- Born: c. 1808 Furneaux Islands, Bass Strait
- Died: 1 December 1864 Latrobe, Tasmania
- Burial place: Sherwood Hall, Latrobe
- Spouse: Thomas Johnson ​(m. 1831)​
- Children: 12
- Parents: George Briggs (father); Woretemoeteyenner (mother);

= Dolly Dalrymple =

Tasmanian Aboriginal woman

Dolly Dalrymple (c. 1808–1864) was a Tasmanian Aboriginal woman. She was a known figure in the Tasmanian colonial legends.

==Biography==
Dolly Dalrymple was born on one of the Furneaux Islands, between Victoria and Tasmania, to Woretemoeteyenner (also known as Pung or Margaret), daughter of the chief Mannarlargenna from Van Diemen's Land, and George Briggs from Bedfordshire, England. Her mother was either kidnapped by or paid to live with Briggs, who later sold her on to another sealer for a guinea. Dolly Dalrymple became the foster child of the surgeon Jacob Mountgarrett (1773–1828), of Port Dalrymple, who had her baptised with the surname Dalrymple and educated her in Western domestic chores.

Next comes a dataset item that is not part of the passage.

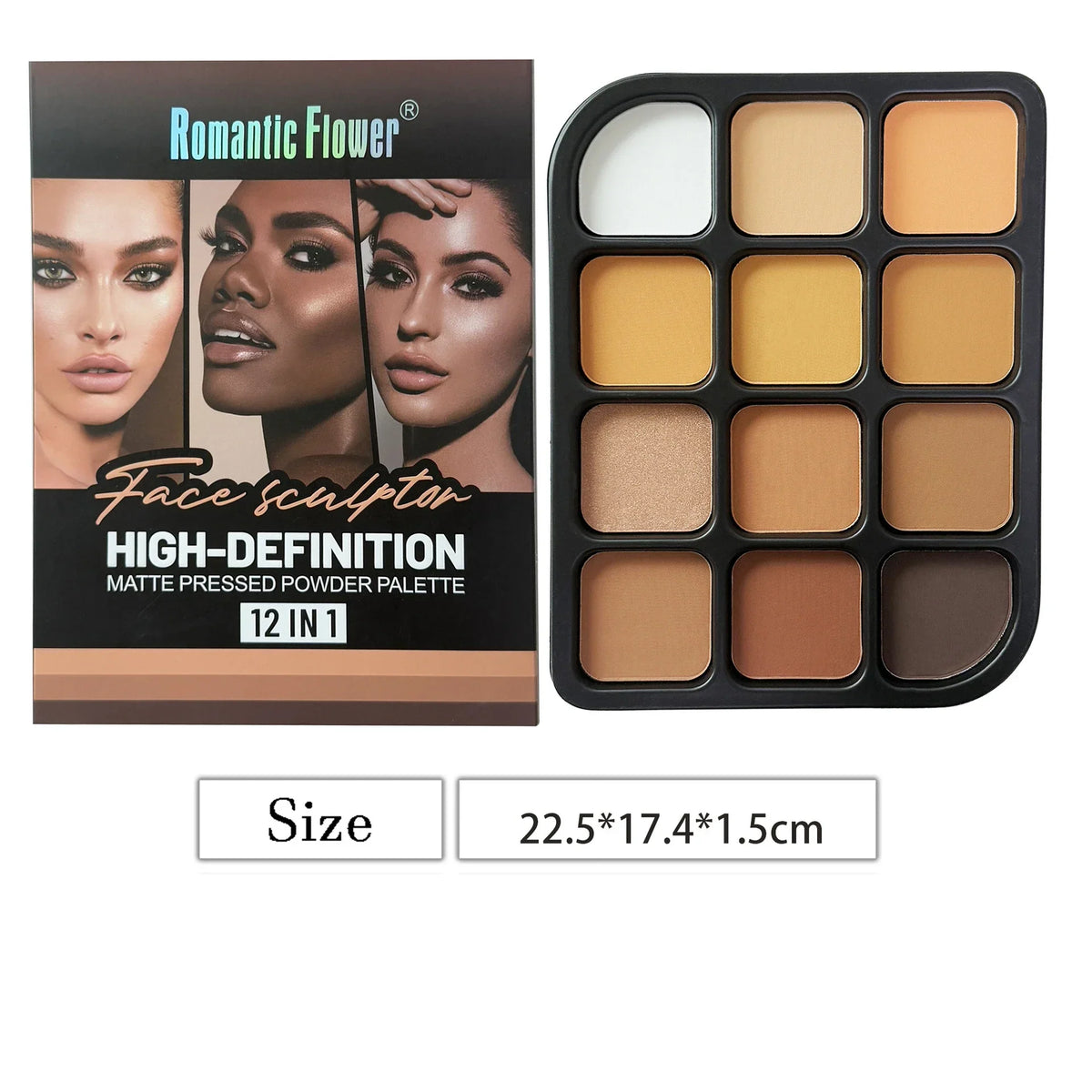 Qme 12-Color Matte Contour Palette – Deep Skin Full Coverage Contour Makeup Palette Qme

From 1825, she lived with the convict Thomas Johnson (1801–1867), with whom she had several children and married six years later, in October 1831. Earlier in the same year she had successfully defended her hut and children against an attack by Aboriginals while Johnson was away. She was rewarded by the government with 20 acres of land at Perth, where she moved with Johnson and her children.

In 1841 she was assisted by the government to bring her mother Woretemoeteyenner, then residing at Wybalenna, on Flinders Island, to live with her at Perth on the mainland of Tasmania. By this time, Dalrymple had seven children.

The entire family moved to the Mersey region in 1845. Thomas Johnson eventually became wealthy and purchased 500 acres in the modern locality of Latrobe where he founded Sherwood Hall beside the Mersey and Railton Road. Dolly Dalrymple often managed his estates during his absence.